Dolschak Klaus, Gartner Karl, Berger Torsten W
Department of Forest- and Soil Sciences, Institute of Forest Ecology, University of Natural Resources and Live Sciences (BOKU), Peter Jordan-Straße 82, 1190 Vienna, Austria.
Department of Forest Ecology and Soil, Federal Research and Training Centre for Forests, Natural Hazards and Landscape, Seckendorff-Gudent-Weg 8, 1131 Vienna, Austria.
Model Earth Syst Environ. 2015 Dec 1;1(4):32. doi: 10.1007/s40808-015-0041-2.
In this article, the setup and the application of an empirical model, based on Newton's law of cooling, capable to predict daily mean soil temperature () under vegetated surfaces, is described. The only input variable, necessary to run the model, is a time series of daily mean air temperature. The simulator employs 9 empirical parameters, which were estimated by inverse modeling. The model, which primarily addresses forested sites, incorporates the effect of snow cover and soil freezing on soil temperature.
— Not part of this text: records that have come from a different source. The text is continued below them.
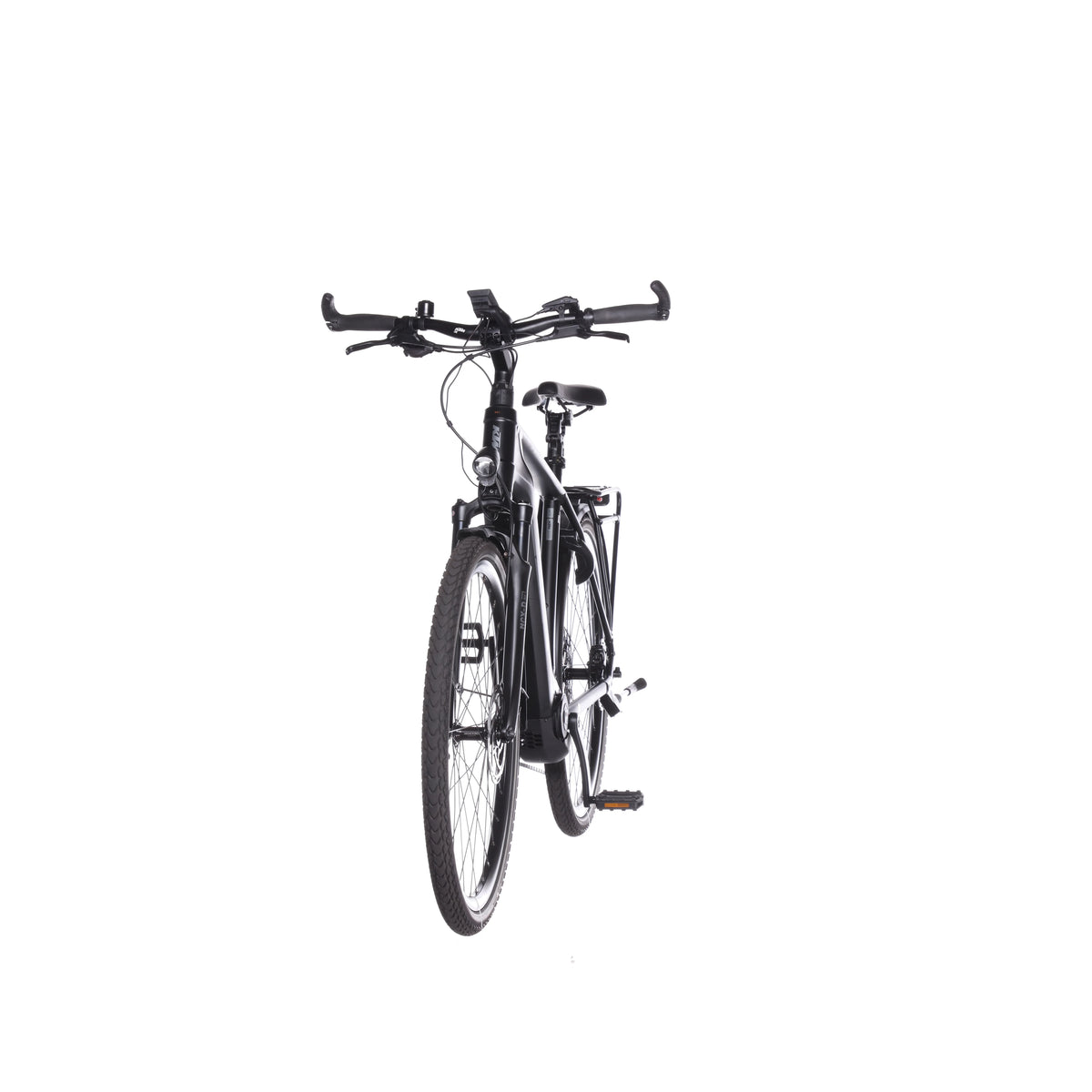 ZEG POWER SPORT 11 PLUS - 360° view angle 10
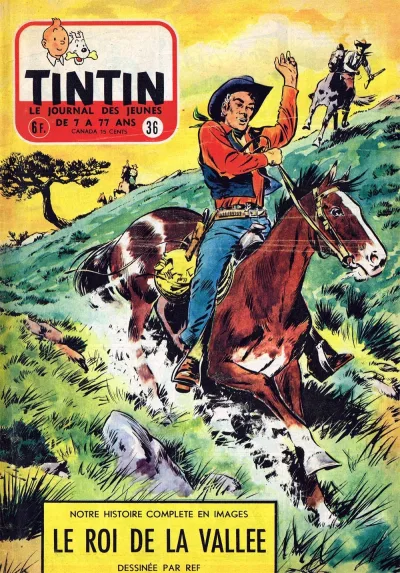 Cover of Volume #195536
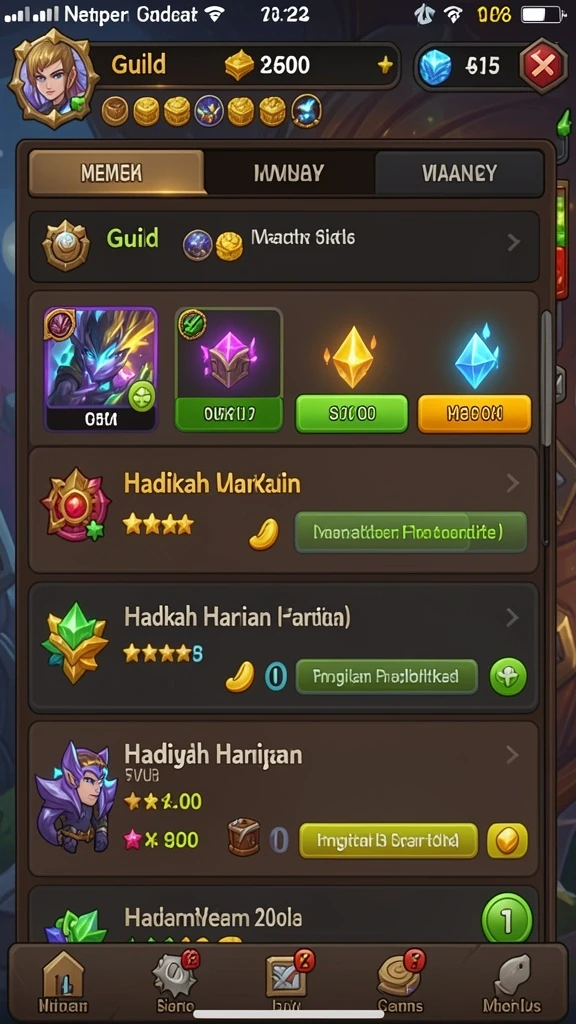 Screenshot jago368 nomor 1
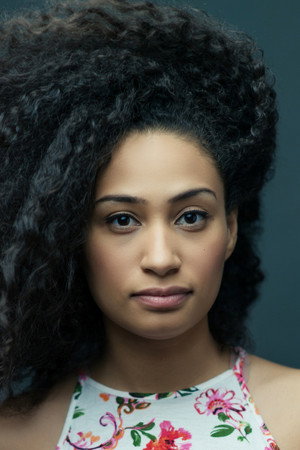 Cover image for Rosanny Zayas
The model was applied to several temperate forest sites, managing the split between Central Europe (Austria) and the United States (Harvard Forest, Massachusetts; Hubbard Brook, New Hampshire), aiming to cover a broad range of site characteristics. Investigated stands differ fundamentally in stand composition, elevation, exposition, annual mean temperature, precipitation regime, as well as in the duration of winter snow cover. At last, to explore the limits of the formulation, the simulator was applied to non-forest sites (Illinois), where soil temperature was recorded under short cut grass. The model was parameterized, specifically to site and measurement depth. After calibration of the model, an evaluation was performed, using ~50 % of the available data. In each case, the simulator was capable to deliver a feasible prediction of soil temperature in the validation time interval. To evaluate the practical suitability of the simulator, the minimum amount of soil temperature point measurements, necessary to yield expedient model performance was determined. In the investigated case 13-20 point observations, uniformly distributed within an 11-year timeframe, have been proven sufficient to yield sound model performance (root mean square error <0.9 °C, Nash-Sutcliffe efficiency >0.97). This makes the model suitable for the application on sites, where the information on soil temperature is discontinuous or scarce.
本文描述了一种基于牛顿冷却定律的经验模型的设置和应用,该模型能够预测植被覆盖表面下的日平均土壤温度()。运行该模型所需的唯一输入变量是日平均气温的时间序列。模拟器采用了9个通过逆建模估计的经验参数。该模型主要针对森林地区,考虑了积雪和土壤冻结对土壤温度的影响。该模型应用于几个温带森林站点,涵盖了中欧(奥地利)和美国(马萨诸塞州的哈佛森林;新罕布什尔州的哈伯德布鲁克),旨在涵盖广泛的站点特征。所研究的林分在林分组成、海拔、朝向、年平均温度、降水模式以及冬季积雪持续时间等方面存在根本差异。最后,为了探索该公式的局限性,将模拟器应用于非森林站点(伊利诺伊州),在那里短草下记录了土壤温度。该模型针对特定的站点和测量深度进行了参数化。在对模型进行校准后,使用约50%的可用数据进行了评估。在每种情况下,模拟器都能够在验证时间间隔内对土壤温度做出可行的预测。为了评估模拟器的实际适用性,确定了获得便捷模型性能所需的最低土壤温度点测量数量。在所研究的案例中,已证明在11年时间范围内均匀分布的13 - 20个点观测足以产生良好的模型性能(均方根误差<0.9°C,纳什 - 萨特克利夫效率>0.97)。这使得该模型适用于土壤温度信息不连续或稀缺的站点。